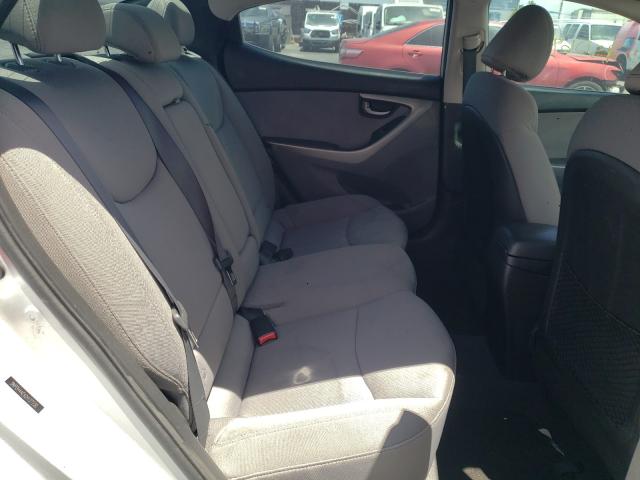 Photo 5 VIN: 5NPDH4AEXCH127230 - HYUNDAI ELANTRA GL 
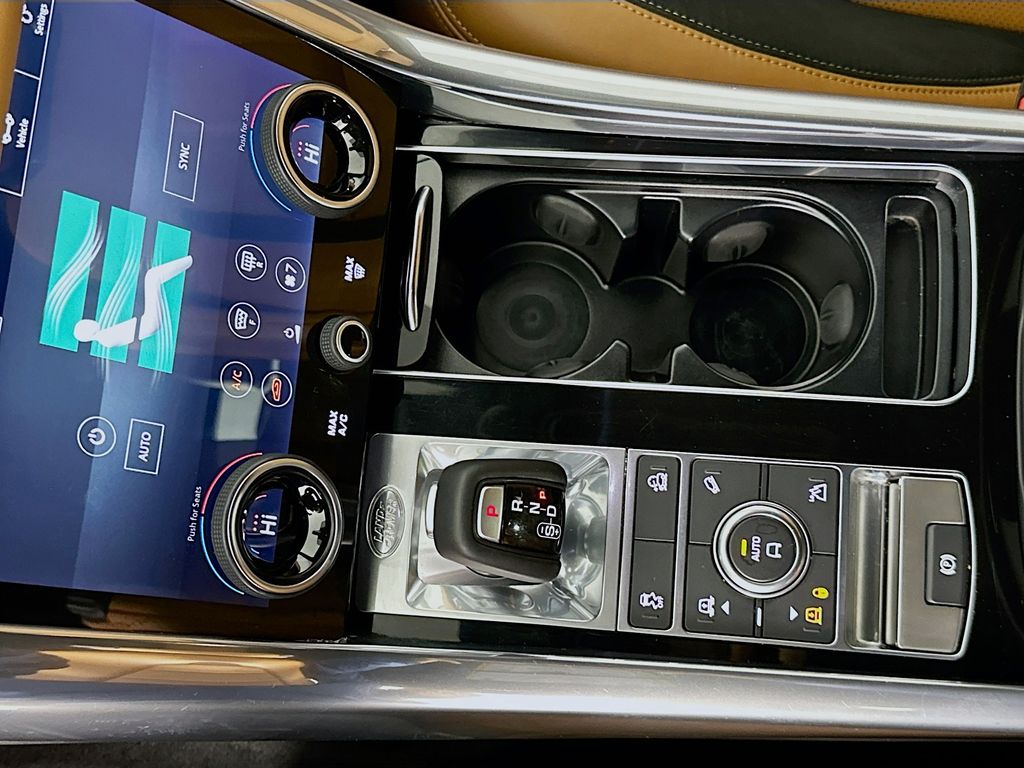 Thumbnail: 2020 Land Rover Range Rover Sport - 17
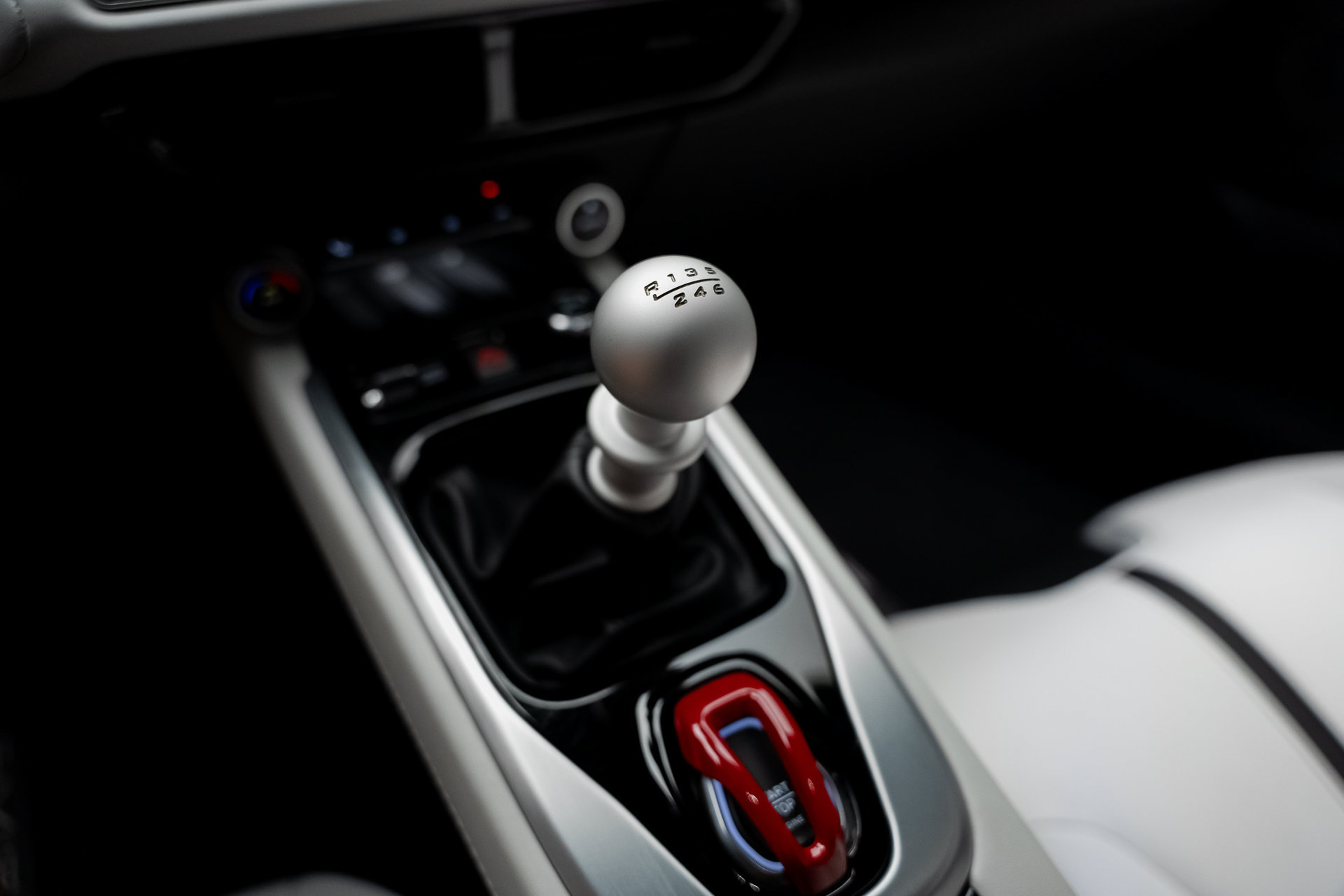 Used 2025 Lotus Emira RWD image 50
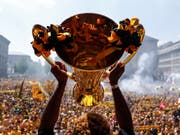Meister YB startet gegen die Grasshoppers in die neue Saison (Bild: KEYSTONE/PETER KLAUNZER)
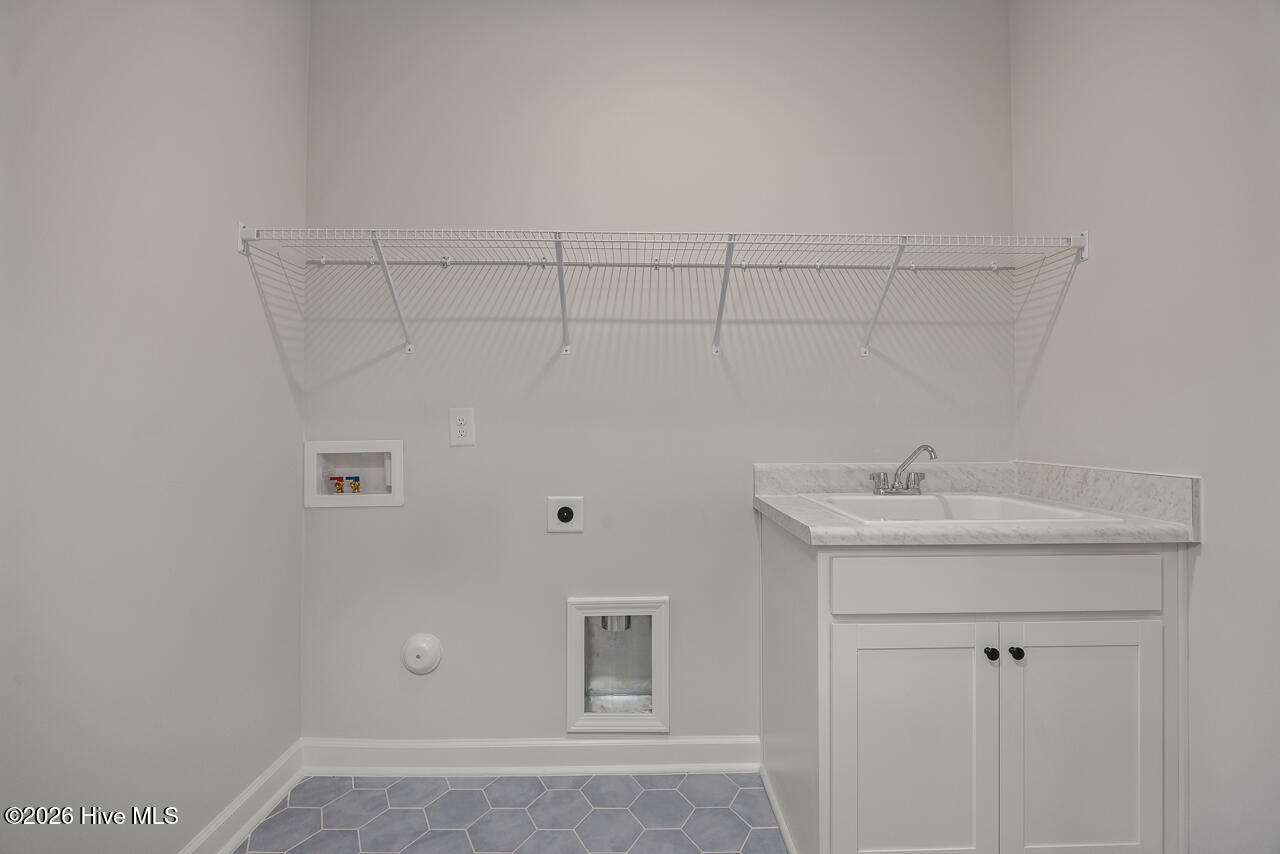347 Queensferry Lane Property Photo 13
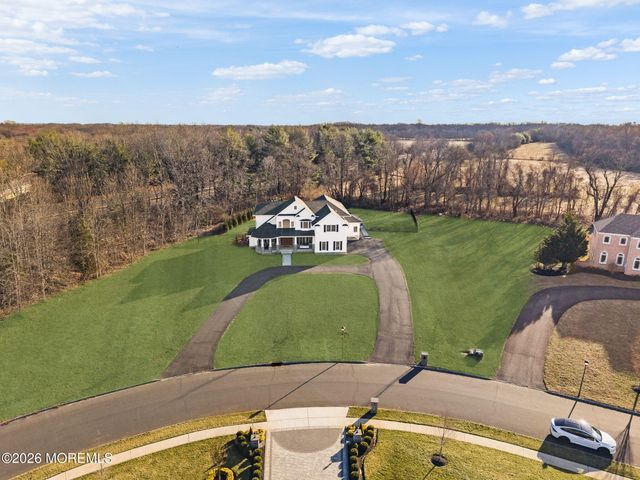 1 Lakeview Drive, Manalapan, NJ 07726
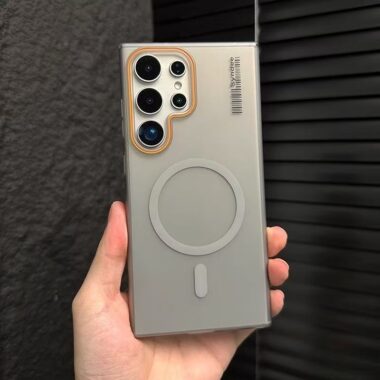 Soft-touch frosted magnetic Samsung S24 Ultra phone case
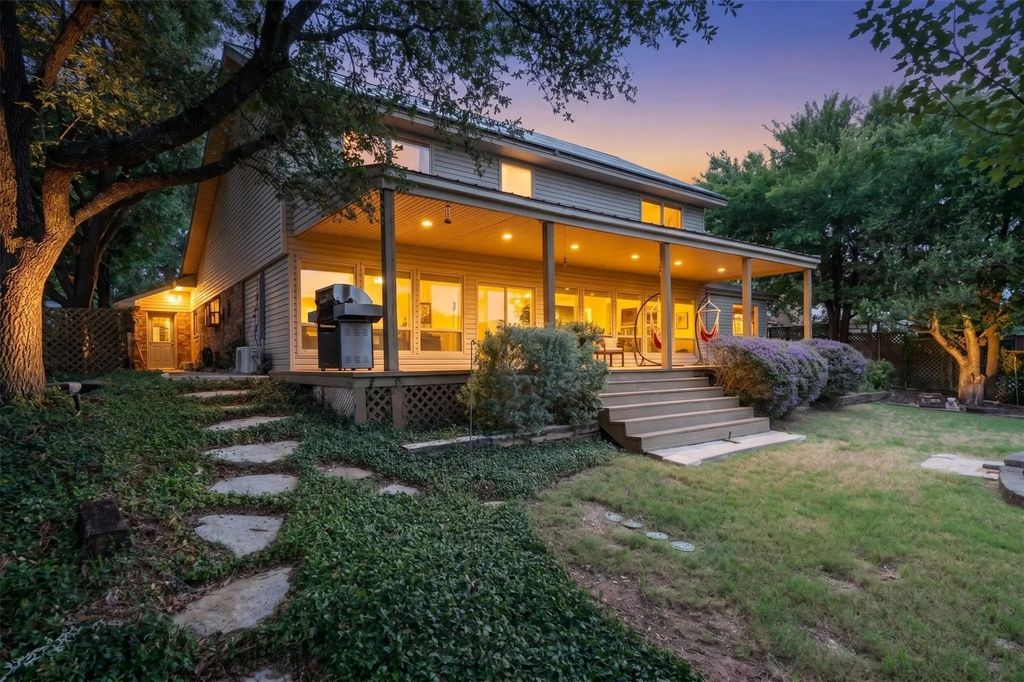 9302 Ravenswood Road, Granbury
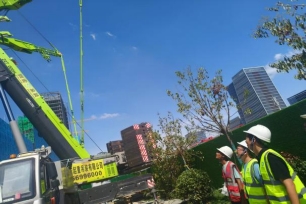 2025年7月8日上午9时40分，芯智汇党员责任区党员李瑞、杨震对钢结构吊装作业进行检查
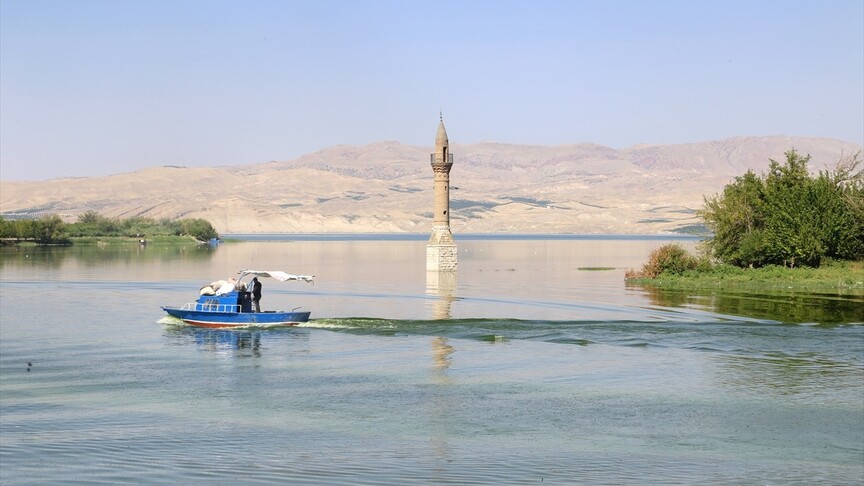 Karakaya Baraj Gölü'nde su altında kalan "yalnız minare" dronla görüntülendi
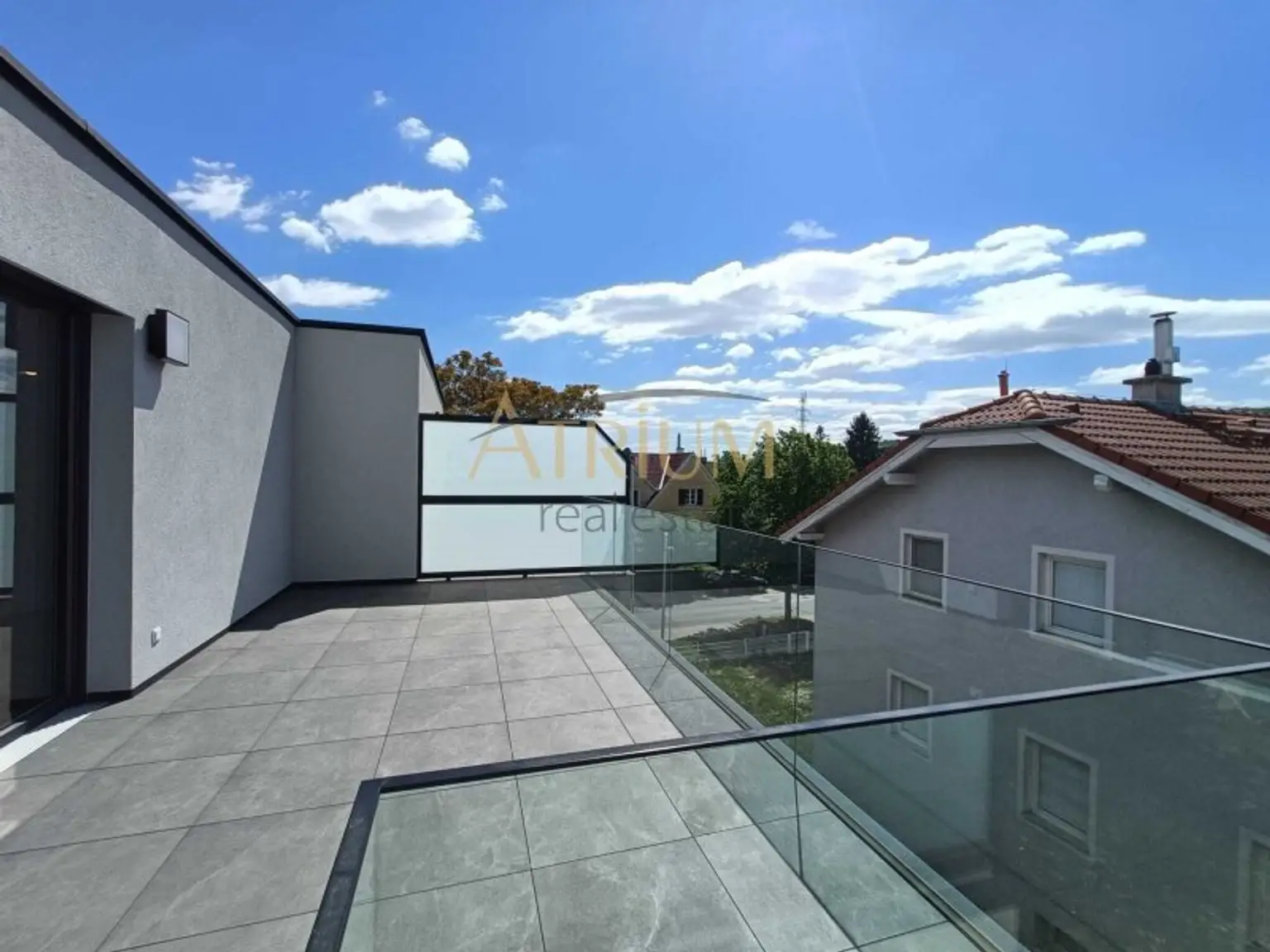 Reihenmittelhaus mit 5 Zimmer, Garten, 2 Terrassen – Erstbezug!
= = = =
(What is expected) In the entries above, every line from the line with "Thumbnail: 2020 Land" to the line with "Soft-touch frosted magnetic" is to be printed exactly, with both ends included and pictures excluded.

(Output for this task)
 Thumbnail: 2020 Land Rover Range Rover Sport - 17
 Used 2025 Lotus Emira RWD image 50
Meister YB startet gegen die Grasshoppers in die neue Saison (Bild: KEYSTONE/PETER KLAUNZER)
347 Queensferry Lane Property Photo 13
 1 Lakeview Drive, Manalapan, NJ 07726
 Soft-touch frosted magnetic Samsung S24 Ultra phone case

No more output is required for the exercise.